Here is the link to this month's database of hardware reviews:

http://www.johnnylucky.org/reviews/index.html

Scroll down to the Data Storage/SSD section and then follow the links to 3 recently published technical reviews of the Inel DC S3700.

The ssd was released several months ago and there are more reviews. They are listed in the 2012 hardware review archives. Here is the link:

http://www.johnnylucky.org/reviews/2012-pc-hardware-reviews.html

And now a word about ssd caching. Here is a copy of my standard comment that I posted to numerous threads about ssd caching several years ago:

"There is a lot of misunderstanding about caching. Intel developed caching for clients and businesses that could not afford a large capacity ssd. Back when the concept was on the drawing board, Intel hoped clients and businesses would purchase a small 10Gb or 20GB for about $100.00. Microsoft Windows 7 and all software applications would remain on hard disk drives. The cache only produced a minor boost in performance. Intel hoped that once clients saw the slight performance boost they might be inclined to purchase a larger ssd.

Intel also researched the size of the cache. Intel determined that a 60GB ssd was the point where it made no sense to use the ssd as a cache for a hard drive. Instead if you have a 60GB or larger capacity ssd, then Windows 7 and software applications should be installed on the ssd to take full advantage of the ssd capabilities.

Since you are thinking of purchasing a large capacity ssd, it makes more sense to install Windows 7 and your software applications on the ssd. The ssd performance boost is much higher than the hard disk drive performance increase."

In addition to the comments I repeatedly posted, there was an additional comment posted by Christian Wood an official Intel representative:

"Will the Intel SRT (Smart Response Technology) give you a performance boost with a smaller SSD? yes it will. With that performance increase reach the level of a SSD as a boot drive? no it won't."

As for the future, at the end of the year you will start seeing the new SATA Express standard developed by the Serial ATA International Organization (SATA-IO) being implemented.

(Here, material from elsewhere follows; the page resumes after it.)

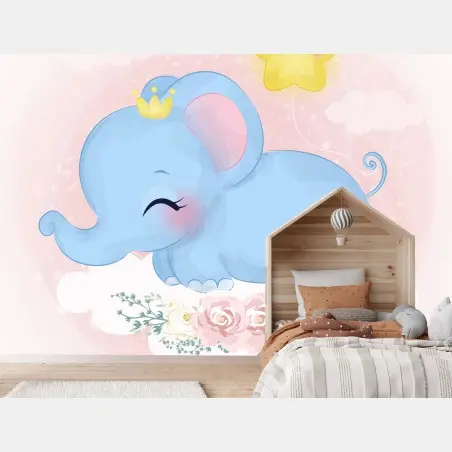 Fotomural elefante azul en nube floral – Pixers®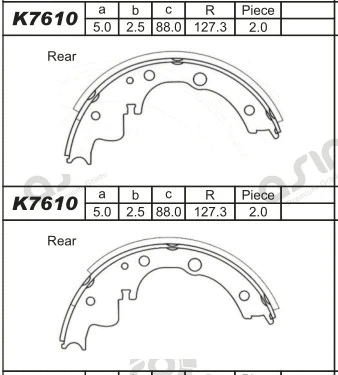 Jeu de mâchoires de frein ASIMCO K7610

It is the first step in the migration from standard consumer ssd's to affordable consumer oriented PCIe solid state drives.

RoninTexas - My first pc was a genuine IBM that I bought in December 1984. It came with 256K of memory. I upgraded to 512K and eventually to 640K. PC Magazine which was published by Ziff Davis back then quoted Bill Gates as saying 640K was all the memory we would ever need.